In the DRS, these four types are dealt with as follows:

  • a)Forgiveness: Forgiveness occurs where both debtor and creditor agree to a reduction in the amount of a loan outstanding without actual repayment taking place. Other systems frequently use the term “cancellation” in this context, but cancellation has a special meaning in the DRS, applying only where committed but undisbursed loan amounts are extinguished. The World Bank uses the term “write-off” for forgiveness. Write-offs are recorded in the DRS in the year in which they take place. Only outstanding principal balances (including arrears) may be written off, since the DRS (in conformity with the core definition) does not consider future interest payments as debt. If the entire balance of the loan is written off, the loan is treated as closed. Write-offs in the DRS result in adjustments to the stock of debt but do not involve flows.
  • b)Refinancing: Refinancing can occur under very different circumstances, with very different implications for debt flows. Where countries have free access to international capital markets they will often take advantage of favourable borrowing conditions to prepay existing debts incurred on less advantageous terms and replace them with new loans at current market rates. The DRS employs a concept of “voluntary” refinancing in these circumstances, and records transactions in respect of the commitment and disbursement of the new loan or loans and also in respect of the repayment of the old loan or loans. These transactions enter into debt flows in the year in which the refinancing takes place. By contrast, refinancing may also take place in circumstances where the country does not have free access to capital markets. In such circumstances refinancing is an alternative to rescheduling, undertaken by agreement between debtor and creditor to avoid imminent default, and is treated as an “involuntary” refinancing by the World Bank. The Bank does not consider that genuine flows have taken place and the DRS does not record commitment, disbursement and repayment transactions. The distinction between “voluntary” and “involuntary” refinancings is not always easily defined: readers will find a more extensive description under the title “Accounting for Debt Restructuring” in the World Debt Tables, 1984-85 edition.
  • c)Rescheduling: In the DRS, the affected principal payments for each debt covered by the rescheduling agreement are transferred to a new loan. With effect from the beginning of the consolidation period, the outstanding balances of the rescheduled loans are reduced by the amount of principal rescheduled. The impact is therefore not on the recorded volume of outstanding debt, since the reduction in the amount of the existing loans is exactly balanced by the newly-created loan or loans, but on the future principal repayment schedules recorded in the data base. The repayment terms of the original loans are adjusted so that they do not project principal payments due during the consolidation period of the rescheduling. The newly-created loans are amortized in accordance with the terms of the rescheduling agreement and bear interest at their respective moratorium interest rates (the interest charged on the rescheduled debt). Since rescheduling involves a transfer of maturities from one loan to another (as recorded in the DRS) and not new lending, no figures for commitments and disbursements are entered in the DRS.
  • d)Consolidation of Short-Term Debt: As with rescheduling, the consolidation of short-term debt into long-term debt in a debt reorganisation is treated as a transfer of debts. A new debt is created that reflects the debt consolidation, but there are no entries for commitments and disbursements, as such entries are reserved as far as possible to represent the flow of new financial resources to developing countries. The increase in long-term debt under this form of debt reorganisation is balanced by an equivalent decrease in short-term debt. (A similar accounting procedure applies to the transfer of private non-guaranteed debt in a debt reorganisation to debt of a debtor country government or public sector agency.)

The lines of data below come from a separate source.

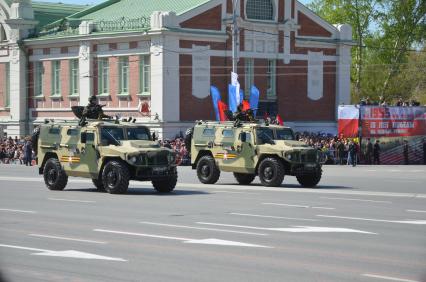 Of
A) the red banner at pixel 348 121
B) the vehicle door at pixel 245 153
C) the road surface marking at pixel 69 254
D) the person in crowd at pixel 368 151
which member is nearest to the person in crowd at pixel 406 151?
the person in crowd at pixel 368 151

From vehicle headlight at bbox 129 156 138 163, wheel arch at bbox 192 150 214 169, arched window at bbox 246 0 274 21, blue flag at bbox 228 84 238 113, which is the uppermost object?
arched window at bbox 246 0 274 21

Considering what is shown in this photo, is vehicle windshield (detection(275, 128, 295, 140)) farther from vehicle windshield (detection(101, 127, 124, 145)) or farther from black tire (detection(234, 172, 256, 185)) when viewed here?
vehicle windshield (detection(101, 127, 124, 145))

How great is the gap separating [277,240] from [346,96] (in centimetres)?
5042

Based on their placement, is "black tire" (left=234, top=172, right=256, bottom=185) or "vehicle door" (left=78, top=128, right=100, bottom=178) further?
"black tire" (left=234, top=172, right=256, bottom=185)

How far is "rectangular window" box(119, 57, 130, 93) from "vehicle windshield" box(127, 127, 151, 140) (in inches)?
1204

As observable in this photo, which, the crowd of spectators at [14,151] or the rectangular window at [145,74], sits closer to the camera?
the crowd of spectators at [14,151]

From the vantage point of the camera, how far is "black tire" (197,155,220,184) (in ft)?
103

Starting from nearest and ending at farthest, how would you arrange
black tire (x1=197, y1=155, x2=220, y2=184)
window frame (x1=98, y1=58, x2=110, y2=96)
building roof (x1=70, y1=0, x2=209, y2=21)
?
black tire (x1=197, y1=155, x2=220, y2=184) → window frame (x1=98, y1=58, x2=110, y2=96) → building roof (x1=70, y1=0, x2=209, y2=21)

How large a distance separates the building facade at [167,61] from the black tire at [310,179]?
2529 cm

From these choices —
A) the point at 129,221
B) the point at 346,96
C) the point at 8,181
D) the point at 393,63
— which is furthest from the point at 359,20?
the point at 129,221

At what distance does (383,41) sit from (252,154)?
163ft

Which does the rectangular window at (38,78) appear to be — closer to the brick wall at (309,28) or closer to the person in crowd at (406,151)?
the brick wall at (309,28)

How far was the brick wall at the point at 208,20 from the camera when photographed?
57431mm

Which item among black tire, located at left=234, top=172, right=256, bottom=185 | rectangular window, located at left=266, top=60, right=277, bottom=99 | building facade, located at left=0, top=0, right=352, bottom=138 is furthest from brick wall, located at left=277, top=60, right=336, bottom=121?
black tire, located at left=234, top=172, right=256, bottom=185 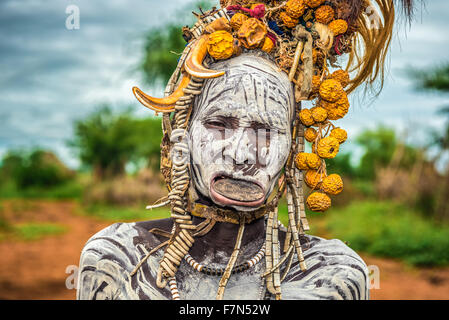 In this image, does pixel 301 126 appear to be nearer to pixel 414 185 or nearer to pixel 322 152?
pixel 322 152

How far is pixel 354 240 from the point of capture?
1127 cm

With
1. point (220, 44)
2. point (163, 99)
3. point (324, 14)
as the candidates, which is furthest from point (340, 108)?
point (163, 99)

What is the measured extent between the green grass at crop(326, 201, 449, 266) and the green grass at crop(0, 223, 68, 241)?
8.08 metres

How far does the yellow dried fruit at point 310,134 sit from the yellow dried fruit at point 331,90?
0.61 feet

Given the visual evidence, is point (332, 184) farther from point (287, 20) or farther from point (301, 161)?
point (287, 20)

The DRS also reflects the changes in creditor and debtor status that can result from rescheduling. When insured commercial credits are rescheduled, the classification of the creditor of the rescheduled amounts changes from suppliers or banks to official bilateral, reflecting the assumption of the assets by the credit insurance agencies of the individual creditor countries. The debts to the original creditors are reduced and a new obligation is created to the official creditor agencies. On the debtor side, where the central government accepts responsibility for the payment of rescheduled debt previously owed by private enterprises, this will be reflected in transfers between debtor categories in the DRS. The reimbursement of these debts by the original debtors to the government (normally through the central bank) is considered an internal transaction.

4. SECTORING

4.1. Country Coverage

The World Debt Tables contain country tables for 109 individual countries, who are [with one exception2] borrowing members of the World Bank. Eligibility for borrowing is determined by the level of per capita income, the cut-off point for which is regularly reassessed. In mid-1987, countries with 1985 per capita incomes of $2 850 or less were eligible for lending by the IBRD, while those with per capita incomes of $790 or less were eligible for IDA concessional credits.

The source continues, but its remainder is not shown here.